Chinese sailors stand on the deck of the naval training ship Qi Jiguang during a naval parade to commemorate the 70th anniversary of the founding of China's PLA Navy in the sea near Qingdao in eastern China's Shandong province, Tuesday, April 23, 2019.
Chinese sailors stand on the deck of the naval training ship Qi Jiguang during a naval parade to commemorate the 70th anniversary of the founding of China's PLA Navy in the sea near Qingdao in eastern China's Shandong province, Tuesday, April 23, 2019.

A Chinese military vessel is touring the contested South China Sea and beyond to meet foreign peers and train its own sailors, spreading goodwill while tightening its claim to a disputed sea and disrupting Australia’s traditional sphere of influence.

Beijing has upset a swathe of Asia since 2010 by landfilling small islets in the contested South China Sea for military use. Brunei, Malaysia, Taiwan, Vietnam and the Philippines all overlap China's claim to the 3.5 million-square-kilometer waterway. China calls about 90% of the sea its own.

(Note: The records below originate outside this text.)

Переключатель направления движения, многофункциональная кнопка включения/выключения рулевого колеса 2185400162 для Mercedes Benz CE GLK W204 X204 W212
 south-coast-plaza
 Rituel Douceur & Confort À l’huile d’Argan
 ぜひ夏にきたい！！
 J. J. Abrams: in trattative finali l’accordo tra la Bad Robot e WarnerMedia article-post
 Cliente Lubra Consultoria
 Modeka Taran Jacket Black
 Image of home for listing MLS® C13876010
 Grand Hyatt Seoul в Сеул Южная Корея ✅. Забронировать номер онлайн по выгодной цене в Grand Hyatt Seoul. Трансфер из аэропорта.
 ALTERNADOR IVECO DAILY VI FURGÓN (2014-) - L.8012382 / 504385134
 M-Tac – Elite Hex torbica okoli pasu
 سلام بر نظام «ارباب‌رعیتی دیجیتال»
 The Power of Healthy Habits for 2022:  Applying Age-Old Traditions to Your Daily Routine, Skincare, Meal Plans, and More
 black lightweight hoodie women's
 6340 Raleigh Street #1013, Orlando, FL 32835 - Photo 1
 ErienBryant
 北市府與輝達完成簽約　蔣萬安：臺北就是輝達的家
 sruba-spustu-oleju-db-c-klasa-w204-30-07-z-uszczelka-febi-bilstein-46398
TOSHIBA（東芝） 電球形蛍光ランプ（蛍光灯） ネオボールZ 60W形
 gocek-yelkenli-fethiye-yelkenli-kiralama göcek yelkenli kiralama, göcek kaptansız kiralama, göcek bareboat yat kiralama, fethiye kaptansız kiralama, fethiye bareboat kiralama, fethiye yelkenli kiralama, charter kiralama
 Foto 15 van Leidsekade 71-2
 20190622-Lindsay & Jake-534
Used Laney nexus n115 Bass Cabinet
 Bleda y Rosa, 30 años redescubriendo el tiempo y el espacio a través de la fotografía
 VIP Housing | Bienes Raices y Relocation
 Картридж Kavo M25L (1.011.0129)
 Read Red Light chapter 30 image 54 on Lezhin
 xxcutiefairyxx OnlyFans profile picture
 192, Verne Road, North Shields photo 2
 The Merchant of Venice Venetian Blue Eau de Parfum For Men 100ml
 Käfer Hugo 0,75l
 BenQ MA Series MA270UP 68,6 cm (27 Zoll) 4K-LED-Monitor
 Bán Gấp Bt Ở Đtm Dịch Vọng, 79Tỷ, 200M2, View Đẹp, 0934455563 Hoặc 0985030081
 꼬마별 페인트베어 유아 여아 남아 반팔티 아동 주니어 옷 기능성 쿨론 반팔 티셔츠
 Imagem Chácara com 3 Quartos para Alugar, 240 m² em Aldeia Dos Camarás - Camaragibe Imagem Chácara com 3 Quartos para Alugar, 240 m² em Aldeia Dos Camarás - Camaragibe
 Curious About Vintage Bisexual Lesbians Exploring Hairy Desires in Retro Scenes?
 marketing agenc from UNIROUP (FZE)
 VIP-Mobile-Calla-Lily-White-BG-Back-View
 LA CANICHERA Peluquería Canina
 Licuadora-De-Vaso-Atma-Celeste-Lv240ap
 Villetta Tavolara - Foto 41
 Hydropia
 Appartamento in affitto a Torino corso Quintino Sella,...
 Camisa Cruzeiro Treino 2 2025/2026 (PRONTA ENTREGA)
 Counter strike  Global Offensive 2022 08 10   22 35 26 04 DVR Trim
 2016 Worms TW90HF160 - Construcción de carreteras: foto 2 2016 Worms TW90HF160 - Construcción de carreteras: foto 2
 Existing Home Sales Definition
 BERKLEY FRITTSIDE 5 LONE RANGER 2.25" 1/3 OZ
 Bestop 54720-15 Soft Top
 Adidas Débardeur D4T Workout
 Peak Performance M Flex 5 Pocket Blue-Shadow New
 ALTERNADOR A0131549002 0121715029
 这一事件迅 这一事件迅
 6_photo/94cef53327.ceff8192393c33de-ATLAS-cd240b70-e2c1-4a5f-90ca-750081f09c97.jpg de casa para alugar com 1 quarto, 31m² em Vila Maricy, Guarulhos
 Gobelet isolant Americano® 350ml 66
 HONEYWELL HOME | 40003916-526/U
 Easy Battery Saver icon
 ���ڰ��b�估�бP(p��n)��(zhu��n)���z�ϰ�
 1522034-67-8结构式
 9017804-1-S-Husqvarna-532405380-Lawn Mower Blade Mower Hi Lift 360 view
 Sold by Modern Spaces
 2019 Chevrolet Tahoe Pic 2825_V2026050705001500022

The naval training ship Qi Jiguang set out in late September on a two-month tour for training and visits to foreign countries, the Chinese People’s Liberation Army’s China Military news service says. Brunei, East Timor, Fiji, New Zealand and Papua New Guinea were on the map for the ship’s training-and-visit mission, its second since being commissioned in 2017.

“This is an unusual case as far as I can see,” said Andrew Yang, secretary-general of the Chinese Council of Advanced Policy Studies in Taiwan “I think (China) is probably exercising its soft power, particularly to try to convince the region that China is a benign power, it’s not an antagonistic power.”

A goodwill mission could relieve international pressure on China from as far away as Washington to tone down its maritime expansion.

Beijing began trying in 2016 to improve relations with the other South China Sea claimants after it lost a world arbitration court ruling to the Philippines over sovereignty boundaries. At the same time, Beijing has added military capacity to islets it already controls while exploring oceans normally dominated by Western-allied former Cold War rivals.

Visit to Brunei

The naval training ship called first for three days from September 27 at Port of Muara in Brunei, the Chinese military news service reported. More than 300 people including representatives of the Royal Brunei Navy showed up for its arrival.

Chinese naval sailors and cadets were scheduled to visit a patrol ship under the host navy, hold “professional” exchanges and contribute to a beach environmental protection activity with Bruneian navy sailors, the news service said.

Brunei and China dispute sovereignty over a rectangular tract of sea extending 200 nautical miles (370 km) from the tiny oil-reliant Southeast Asian country’s coast. The tract is considered rich in gas and oil reserves.

All six claimants prize the tropical sea for those reserves as well as for fisheries and marine shipping lanes. China and Vietnam have clashed there periodically since the 1970s.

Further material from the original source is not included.